PostgreSQL vs. kernel versions
But first, let me discuss some significant differences between policies governing commits in the two projects. In PostgreSQL we have the concept of major and minor versions – major versions (e.g. 9.5) are released roughly once a year, and include various new features. Minor versions (e.g. 9.5.2) only include bugfixes, and are released about every three months (or more frequently, when a serious bug is discovered). So there should be no major performance or behavior changes between minor versions, which makes it fairly safe to deploy minor versions without extensive testing.
With kernel versions, the situation is much less clear. Linux kernel also has branches (e.g. 2.6, 3.0 or 4.7), those are by no means equal to “major versions” from PostgreSQL, as they continue to receive new features and not just bugfixes. I’m not claiming that the PostgreSQL versioning policy is somehow automatically superior, but the consequence is that updating between minor kernel versions may easily significantly affect performance or even introduce bugs (e.g. 3.18.37 suffers by OOM issues due to a such non-bugfix commit).
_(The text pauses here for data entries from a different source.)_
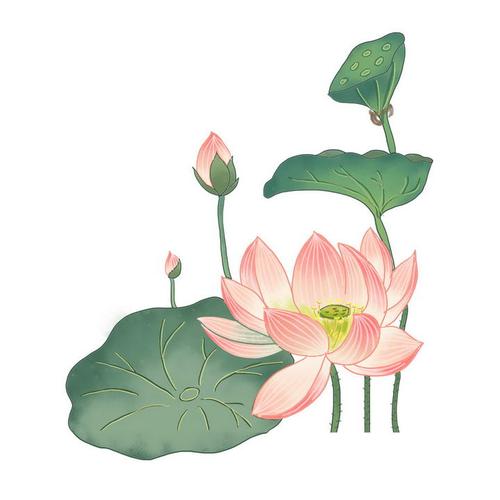 彩色手绘简约风格夏天里的荷花荷叶和莲蓬图片免抠素材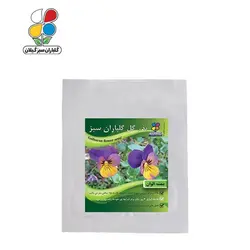 ( بسته 20 عددی ) بذر گل بنفشه الوان بسته بندی کوچک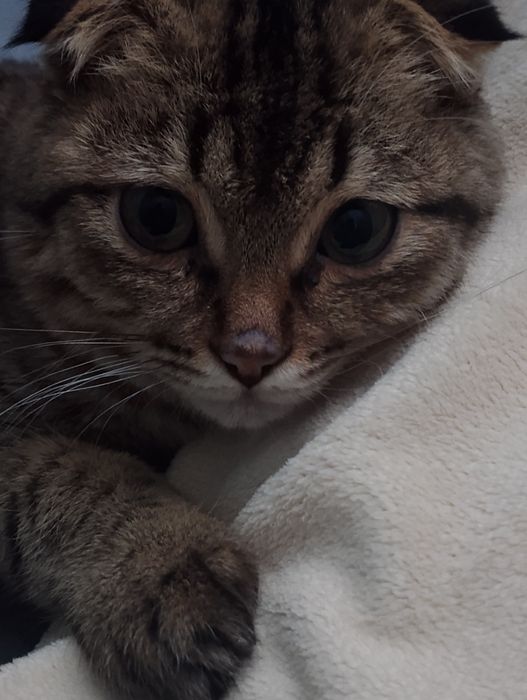 Шотландская вислоухая кошка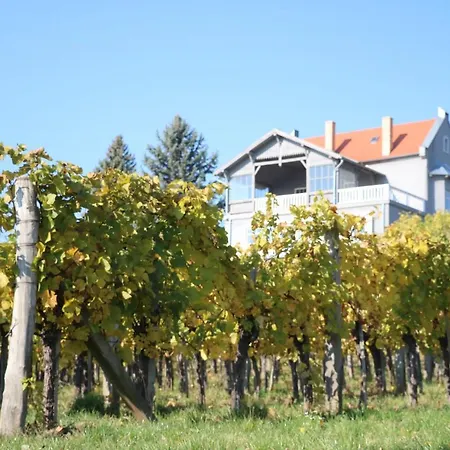 Steiner Badacsony Holiday home *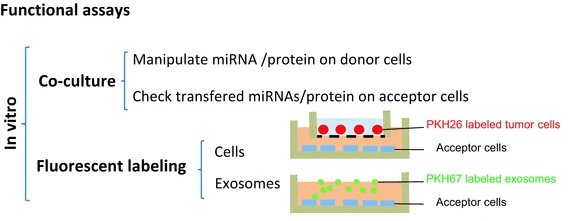 1911701691616055296-exosome-in-vitro-functional-research-services1.png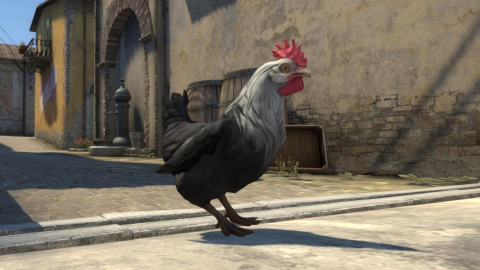 Курча з Counter-Strike 2. Фото: Valve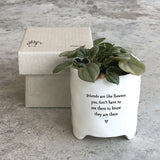Friends are like Flowers planter by East of India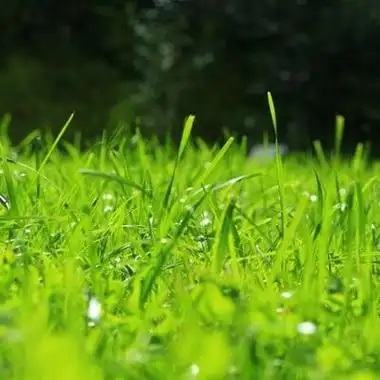 清新绿色风景头像最好看的绿色护眼的草地风景图片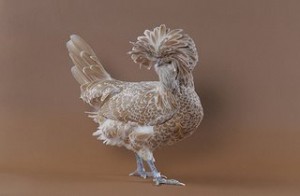 Buff-colored Polish hen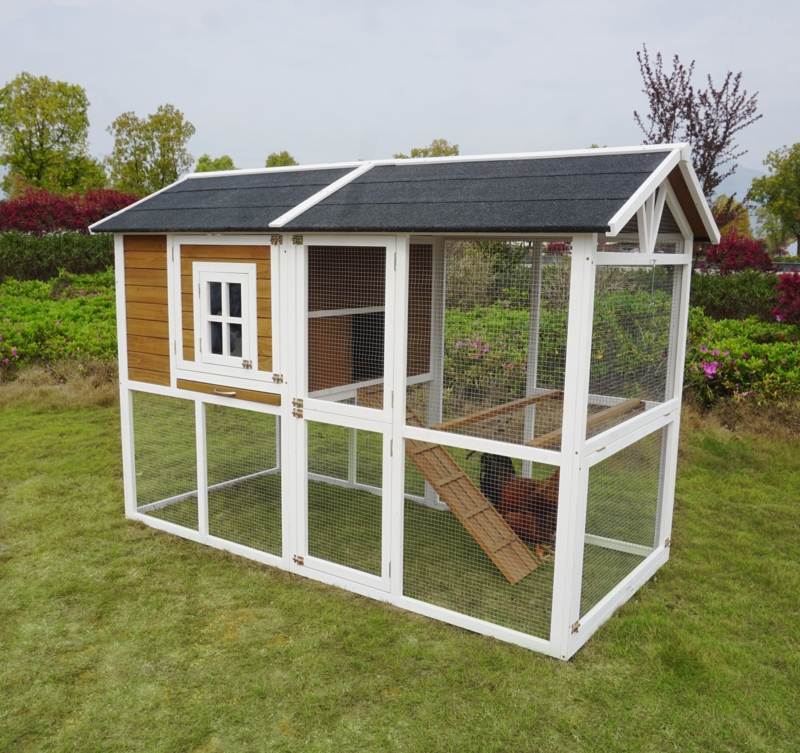Farm-Styled Chicken Coop for 8 Chickens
Of course, distributions realize these risks, and often lock the kernel version and do further testing to weed out new bugs. This post however uses vanilla longterm kernels, as available on www.kernel.org.
Benchmark
There are many benchmarks we might use – this post presents a suite of pgbench tests, i.e. a fairly simple OLTP (TPC-B-like) benchmark. I plan to do additional tests with other benchmark types (particularly DWH/DSS-oriented), and I’ll present them on this blog in the future.
Now, back to the pgbench – when I say “collection of tests” I mean combinations of
- read-only vs. read-write
- data set size – active set does (not) fit into shared buffers / RAM
- client count – single client vs. many clients (locking/scheduling)
The values obviously depend on the hardware used, so let’s see what hardware this round of benchmarks was running on:
- CPU: Intel i5-2500k @ 3.3 GHz (3.7 GHz turbo)
- RAM: 8GB (DDR3 @ 1333 MHz)
- storage: 6x Intel SSD DC S3700 in RAID-10 (Linux sw raid)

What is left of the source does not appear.